Why is this Buddha Bowl a Must-Try?

Satisfying and Quick: With only 20 minutes of prep time, this recipe delivers a delicious meal that fits into even the busiest weeknight.

High Protein: Each serving boasts over 30 grams of protein, perfect for those looking to fuel their day or recover post-workout.

Flavor Explosion: The creamy homemade peanut sauce complements fresh veggies, creating a delightful balance between savory and crunchy.

Meal Prep Friendly: Prepare components in advance for quick assembly during the week, making it an ideal choice for busy lifestyles.

Versatile: Swap chicken for tofu or shrimp, and customize your veggies to mix things up and keep it fresh. If you’re looking to explore meal prep ideas further, check out our delicious meal prep lunch ideas.
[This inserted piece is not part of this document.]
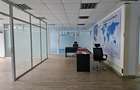 2,100 ft² Commercial Property with Service Charge Included at George Padmore Road - 5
Thai Peanut Chicken Buddha Bowl Ingredients

For the Chicken

  • Boneless Skinless Chicken Breast – Use organic for better texture and flavor; it’s your protein powerhouse!
  • Garlic Powder – Adds depth of flavor; you can substitute with fresh garlic if desired.
  • Ground Ginger – Provides authentic warmth; feel free to use fresh ginger for an aromatic twist.
  • Salt and Black Pepper – Essential for seasoning; adjust to suit your taste preferences.
  • Olive Oil – Ideal for cooking the chicken; consider sesame oil for a more authentic flavor profile.

For the Base

  • Cooked Brown Rice or Quinoa – Offers fiber and nutrients; quinoa increases your protein intake.
  • Carrots – Adds a sweet crunch and vibrant color; julienne or shred for the perfect bite.
  • English Cucumber – Provides freshness and hydration; thinly sliced for an appealing texture.
  • Red Bell Pepper – Soft sweetness and a pop of color; yellow or orange peppers make great substitutes.
  • Edamame – Packed with protein and texture; use shelled and cooked for convenience.

For the Peanut Sauce

  • Creamy Peanut Butter – The key flavor component; can be swapped with almond butter or sunflower seed butter for nut-free options.
  • Low-Sodium Soy Sauce – Adds umami flavor and saltiness; tamari works perfectly for a gluten-free version.
  • Rice Vinegar – Provides essential acidity; white vinegar makes a good substitute in a pinch.
  • Honey – Natural sweetness interacts beautifully with the savory flavors; use maple syrup for a vegan version.
  • Sesame Oil – Adds depth and nuttiness; optional if you prefer another oil.
  • Warm Water – To adjust your peanut sauce to the desired consistency.

For Garnish

  • Chopped Green Onions – Enhance presentation and add a fresh crunch; sprinkle generously.
  • Sesame Seeds – A finishing touch for added crunch and flavor; lightly toast them for extra flavor!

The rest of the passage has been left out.